The torque limiting overload capstan as described herein beneficially protect the cable tensioning capstan assembly 100 such that a torque capacity may be set to limit the excessive load applied to the system before the cable 14 is released, thus reducing the risk the hoist can put on the aircraft, the crew, the hoist, and/or the load. The disclosed cable tensioning capstan assembly 100 prevents cable slippage at the interface of the cable 50 with the capstan drum 105 at an undesired threshold. That is, the cable tensioning capstan assembly 100 may generally include a clutch assembly configured to control the tension of the cable while the cable is being wrapped or let-out from the take-up drum. The clutch assembly may be an adjustable clutch that limits the available torque that can be transferred.
Benefits, other advantages, and solutions to problems have been described herein with regard to specific embodiments. Furthermore, the connecting lines shown in the various figures contained herein are intended to represent exemplary functional relationships and/or physical couplings between the various elements. It should be noted that many alternative or additional functional relationships or physical connections may be present in a practical system. However, the benefits, advantages, solutions to problems, and any elements that may cause any benefit, advantage, or solution to occur or become more pronounced are not to be construed as critical, required, or essential features or elements of the inventions. The scope of the inventions is accordingly to be limited by nothing other than the appended claims, in which reference to an element in the singular is not intended to mean “one and only one” unless explicitly so stated, but rather “one or more.” Moreover, where a phrase similar to “at least one of A, B, or C” is used in the claims, it is intended that the phrase be interpreted to mean that A alone may be present in an embodiment, B alone may be present in an embodiment, C alone may be present in an embodiment, or that any combination of the elements A, B and C may be present in a single embodiment; for example, A and B, A and C, B and C, or A and B and C.

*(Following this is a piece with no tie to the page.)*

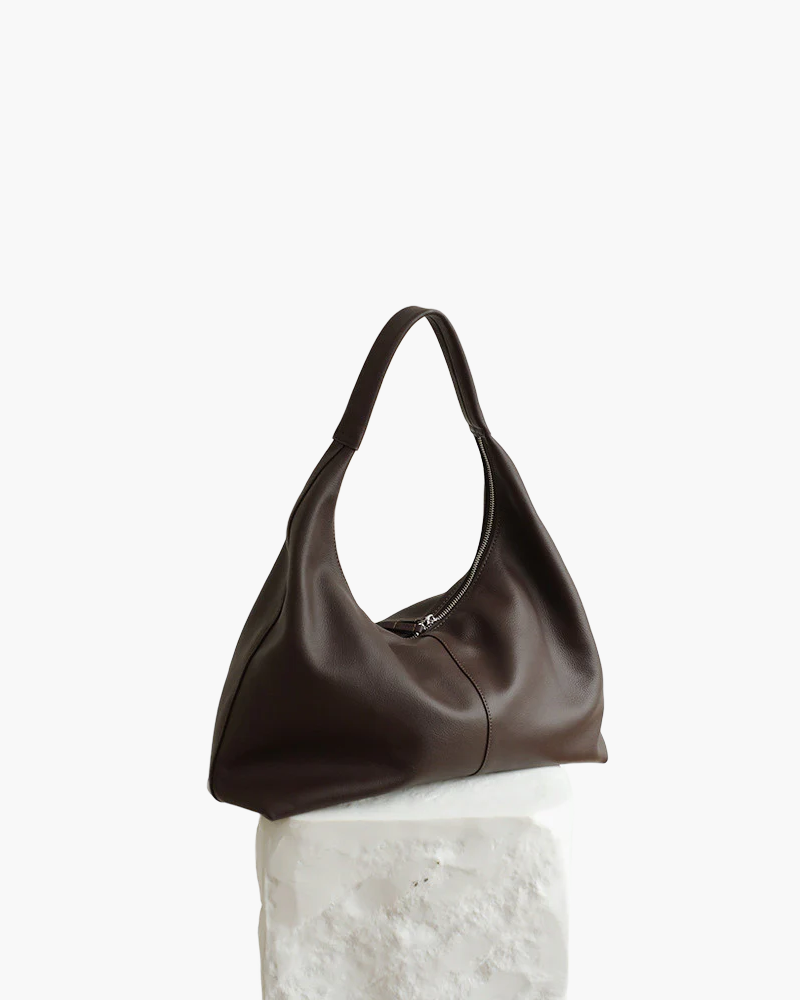 Altes Geld aus echtem Leder Hobo-Tasche - Altes Geld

Systems, methods and apparatus are provided herein. In the detailed description herein, references to “one embodiment,” “an embodiment,” “various embodiments,” etc., indicate that the embodiment described may include a particular feature, structure, or characteristic, but every embodiment may not necessarily include the particular feature, structure, or characteristic. Moreover, such phrases are not necessarily referring to the same embodiment. Further, when a particular feature, structure, or characteristic is described in connection with an embodiment, it is submitted that it may be within the knowledge of one skilled in the art to affect such feature, structure, or characteristic in connection with other embodiments whether or not explicitly described. After reading the description, it will be apparent to one skilled in the relevant art(s) how to implement the disclosure in alternative embodiments.

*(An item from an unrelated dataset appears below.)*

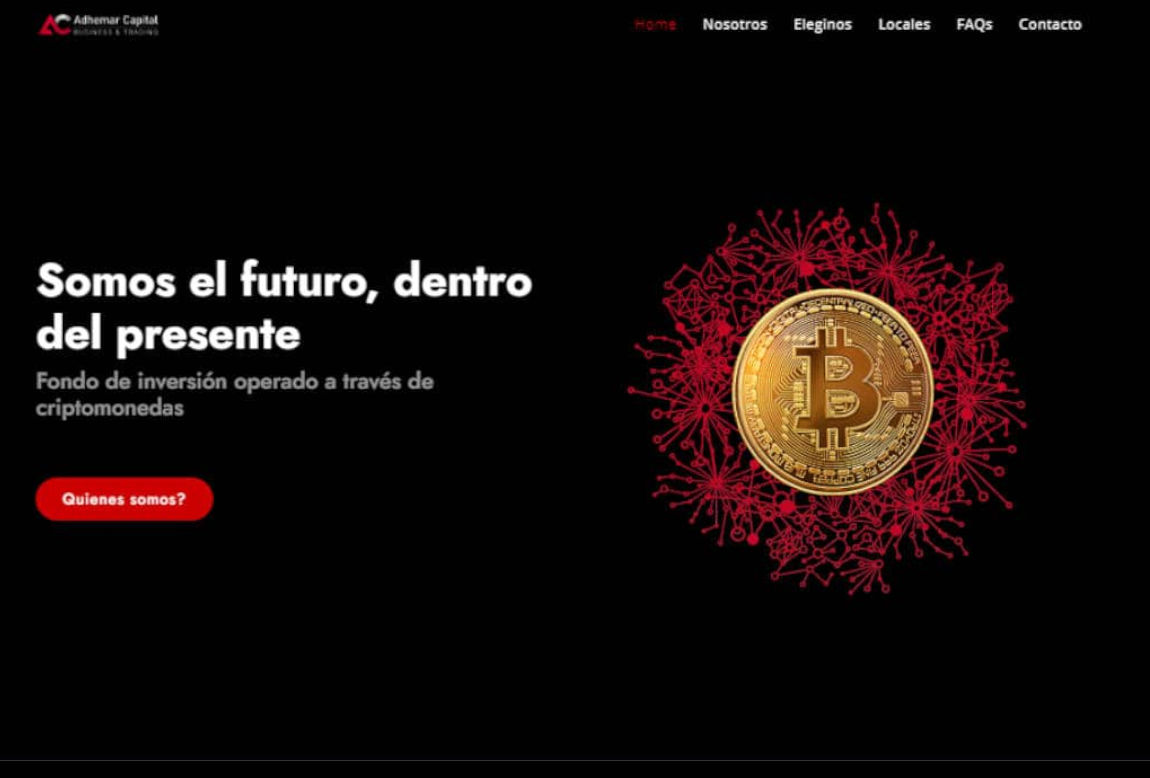 Adhemar Capital: página web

Furthermore, no element, component, or method step in the present disclosure is intended to be dedicated to the public regardless of whether the element, component, or method step is explicitly recited in the claims. No claim element is intended to invoke 35 U.S.C. 112(f) unless the element is expressly recited using the phrase “means for.” As used herein, the terms “comprises,” “comprising,” or any other variation thereof, are intended to cover a non-exclusive inclusion, such that a process, method, article, or apparatus that comprises a list of elements does not include only those elements but may include other elements not expressly listed or inherent to such process, method, article, or apparatus.